OSHAWA, Ontario (Reuters) - Canada will study Chinese oil company CNOOC Ltd’s bid for Nexen Inc carefully and no one should make assumptions about whether the proposed takeover will be approved, Prime Minister Stephen Harper said on Tuesday.
CNOOC announced on Monday it was launching a $15.1 billion friendly bid for Canadian oil company Nexen. The government must now decide under the terms of the Investment Canada Act whether the takeover would be of net benefit to Canada.
“I‘m not going to make comments on this policy either generally or on this specific transaction that would in any way prejudice the government’s position,” Harper told reporters in Oshawa, Ontario, just east of Toronto.
“Nobody should prejudge the government’s position.

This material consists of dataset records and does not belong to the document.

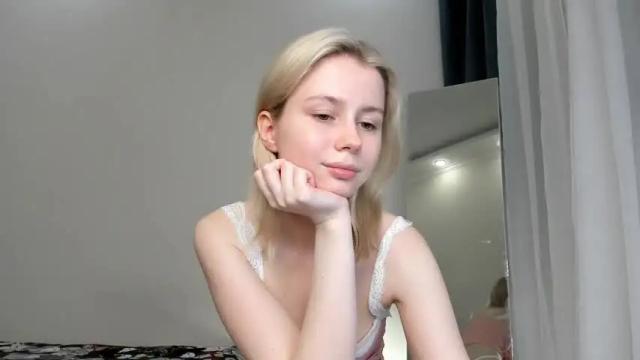 Image 3 of hi_popsy Stream on Chaturbate on 11 days ago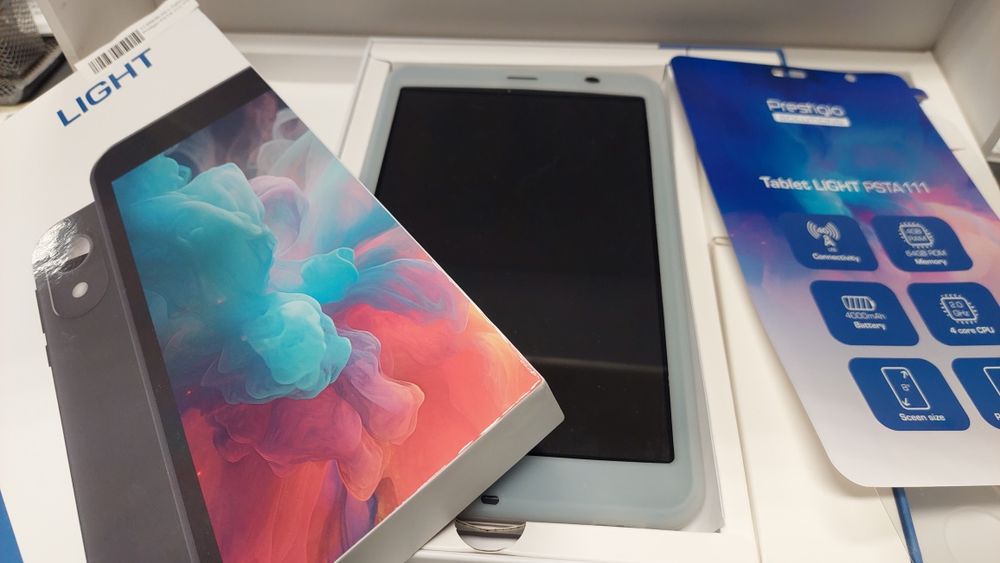 Таблет Prestigio Light  PSTA 111 Нов!!
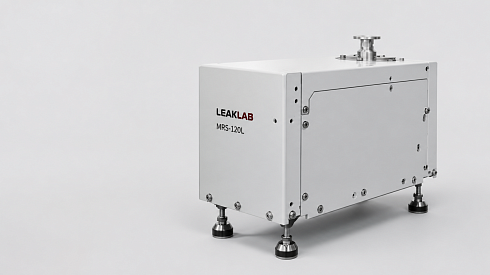 Сухой винтовой вакуумный насос LeakLab MRS-120L, студийное изображение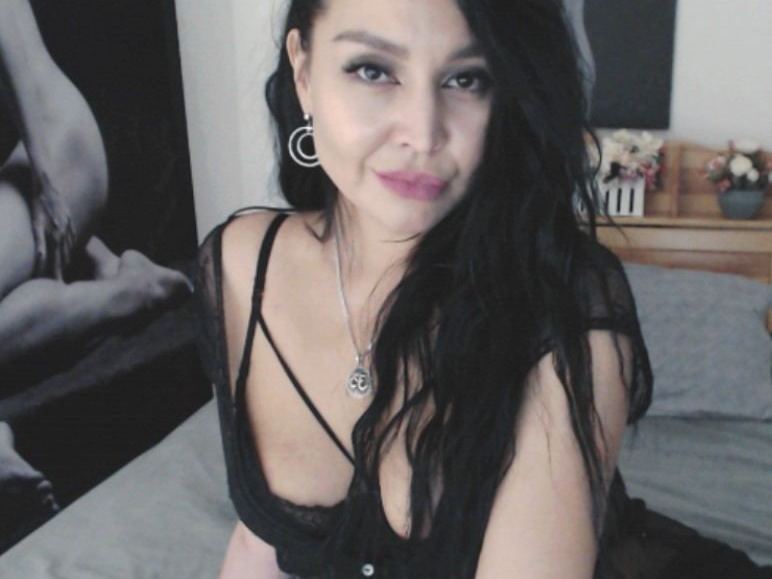 LuaKein cam model profile picture 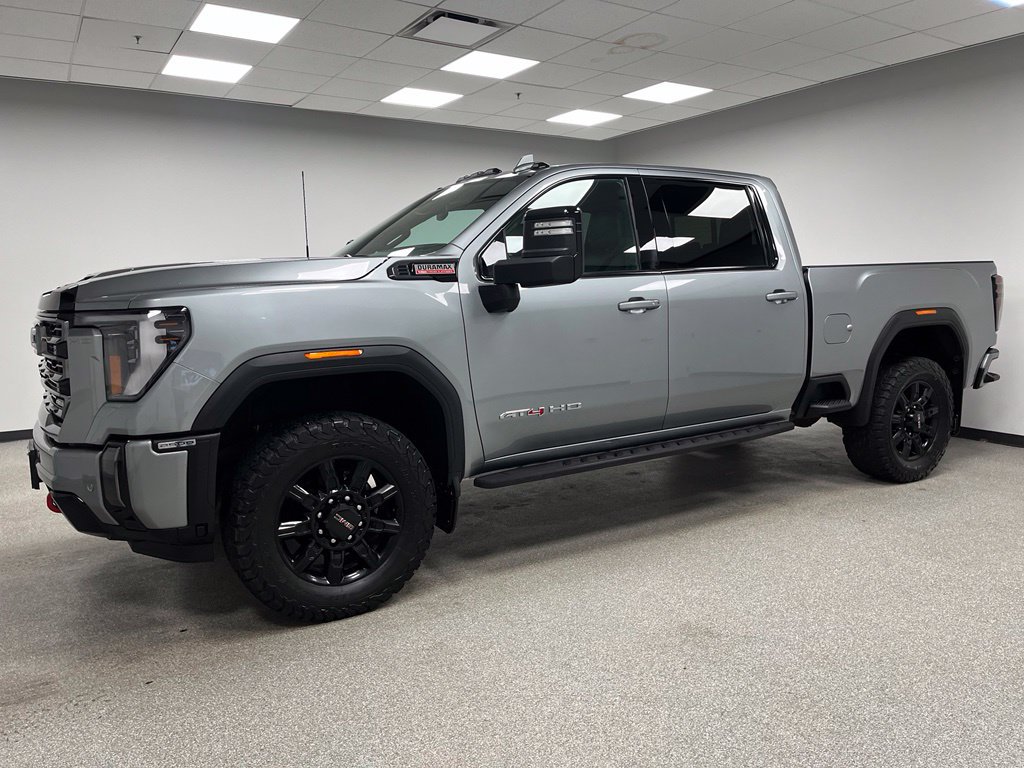 Used 2024 GMC Sierra 2500 AT4 w/ AT4 Preferred Package AWD/4WD image 6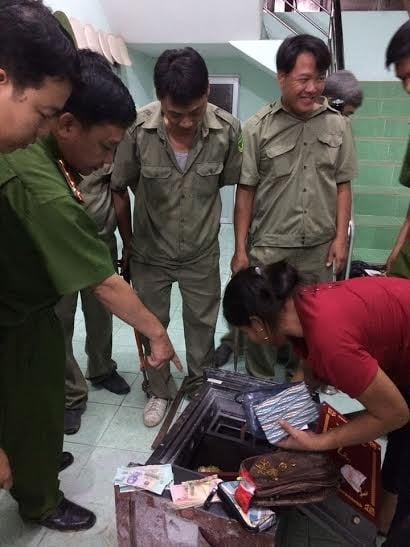 Két sắt được tìm thấy, số tài sản bên trong chưa bị mất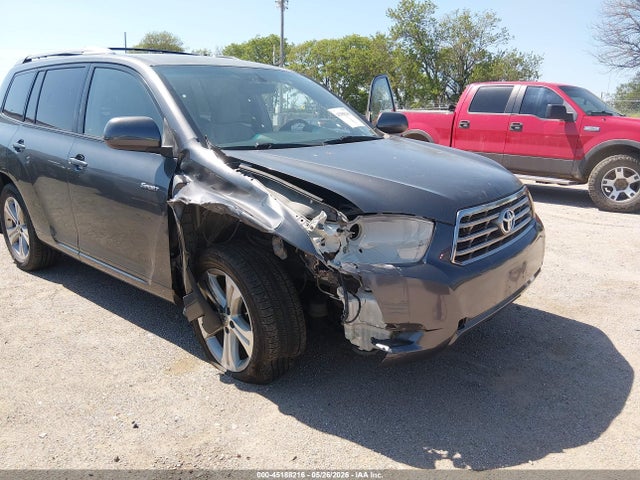 Toyota Highlander Sport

This investment will be thoroughly scrutinized before it is either accepted or rejected,” he added.
Ottawa is actively seeking Chinese investment to help develop the oil-rich tar sands in northern Alberta but some domestic critics are already unhappy that a state-owned company from China might be allowed to buy a Canadian firm.
The Investment Canada Act places tight restrictions on what officials can say about a takeover bid that is being considered.
In 2010, Harper and other officials commented publicly about a hostile takeover bid by Australia’s BHP Billiton bid for Canadian fertilizer producer Potash Corp, prompting critics to say the government had gone too far. Ottawa eventually rejected the takeover.